Britain’s longest-serving Davis Cup captain Paul Hutchins has died aged 73.
Hutchins, who had motor neurone disease, directed the Davis Cup team for 13 decades and had been in charge when britain reached the 1978 final, where they were beaten by the USA.
As a player, he also reached the third round of their French Open and US Open in 1968, his best Grand Slam singles outcomes.
“It’s with dreadful despair that we leave behind him,” said that his family in a statement on Thursday.
They said Hutchins had”passed off peacefully in the presence of his family” in Wednesday.
Hutchins had four kids – son Ross is a former doubles pro who murdered in 2014 and is now primary player officer to the ATP Tour.
“Paul passionately dedicated his entire life to his loved ones and to an extraordinary career in tennis,” said the Hutchins family.
“It had been his wish for people to thank the very many that were part of this. He’ll be very dearly missed”
Hutchins, a regular BBC TV commentator in the 1980s and’90s, was britain Davis Cup captain to get a listing 31 suits in 1975 to 1987.

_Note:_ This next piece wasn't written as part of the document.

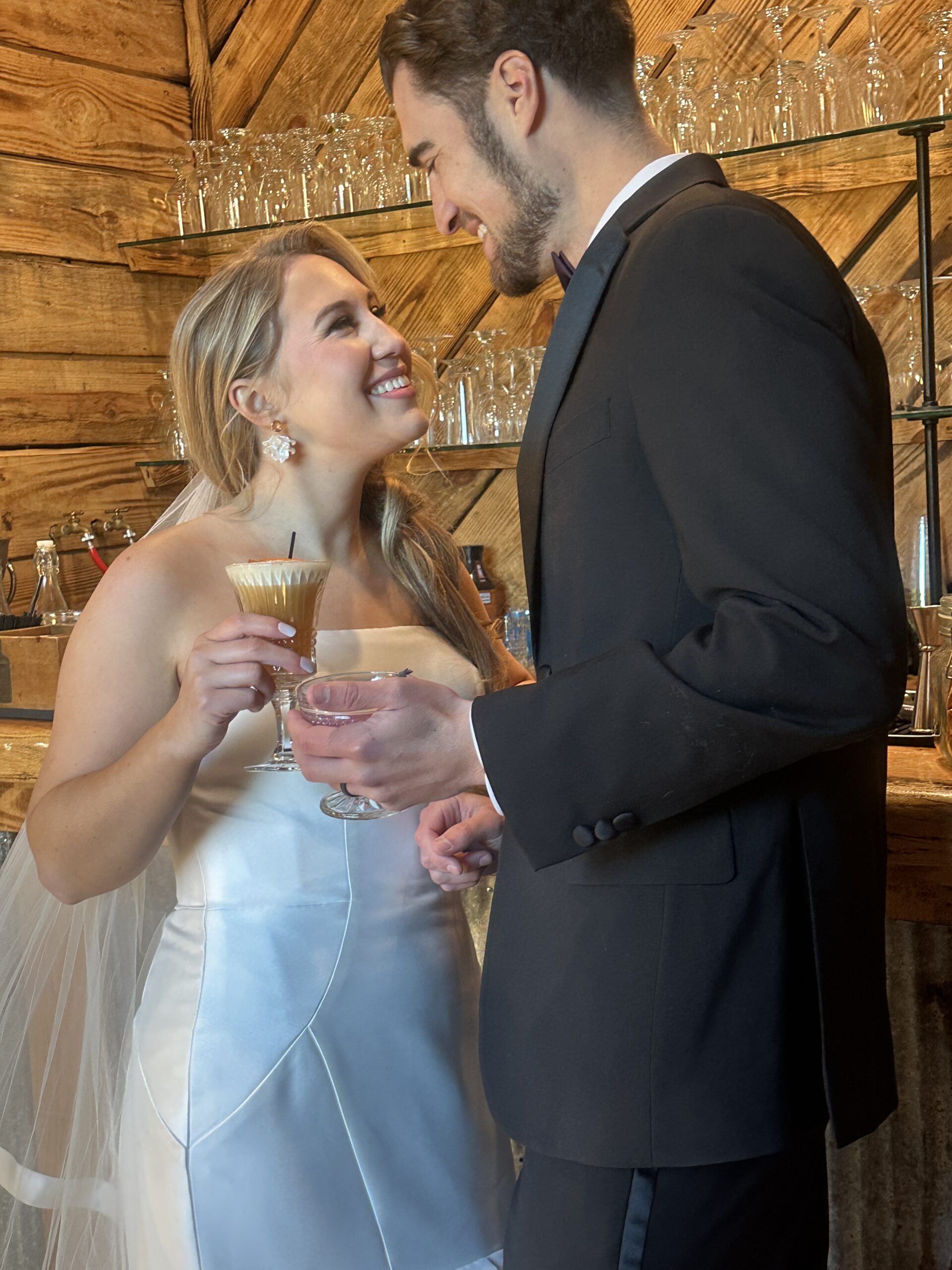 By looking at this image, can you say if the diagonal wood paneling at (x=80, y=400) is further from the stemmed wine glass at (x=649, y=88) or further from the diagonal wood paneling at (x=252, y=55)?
the stemmed wine glass at (x=649, y=88)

Hutchins was also tennis group leader for Team GB at the London 2012 Olympics and worked like a tournament manager for the Nottingham Open along with Road to Wimbledon.

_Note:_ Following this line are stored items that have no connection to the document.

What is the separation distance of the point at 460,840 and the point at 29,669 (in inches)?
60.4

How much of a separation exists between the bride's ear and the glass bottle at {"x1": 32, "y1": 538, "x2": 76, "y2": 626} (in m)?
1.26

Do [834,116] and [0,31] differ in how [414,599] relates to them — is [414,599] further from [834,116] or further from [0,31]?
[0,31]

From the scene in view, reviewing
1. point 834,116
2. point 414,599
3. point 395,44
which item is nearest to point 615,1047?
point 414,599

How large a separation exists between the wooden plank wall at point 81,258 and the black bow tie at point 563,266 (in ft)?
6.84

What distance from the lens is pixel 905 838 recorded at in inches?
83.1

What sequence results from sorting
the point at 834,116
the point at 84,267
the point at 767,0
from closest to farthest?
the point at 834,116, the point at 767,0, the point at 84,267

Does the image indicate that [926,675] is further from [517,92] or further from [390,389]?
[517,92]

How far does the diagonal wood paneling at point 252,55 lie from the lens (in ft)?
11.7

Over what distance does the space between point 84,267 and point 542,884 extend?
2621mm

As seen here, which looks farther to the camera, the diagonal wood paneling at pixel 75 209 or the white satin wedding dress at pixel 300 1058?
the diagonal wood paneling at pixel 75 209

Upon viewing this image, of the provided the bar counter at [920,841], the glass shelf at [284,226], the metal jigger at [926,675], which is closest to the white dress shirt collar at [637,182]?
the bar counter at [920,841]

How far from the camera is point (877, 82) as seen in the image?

“On behalf of everyone else at the LTA we have been profoundly saddened by the news of Paul Hutchins’ passing,” said LTA leader Scott Lloyd.
“He had been a real fanatic of tennis Britain, first as a player, then as a coach, captain, commentator and secretary, devoting over 50 decades of loyal service.
“Anybody who came into contact with him may not have failed to be touched by his own passion for the activity, his passion for his his real, genuine interest in people.
“While we think upon his memory, his lasting legacy to tennis will endure for quite a long time in the future.
“Our thoughts go out to his loved ones and all those who were blessed enough to know Paul.”
Former British number one Laura Robson said:”Saddest news. Paul has been probably the most genuinely lovely person and will be deeply missed.”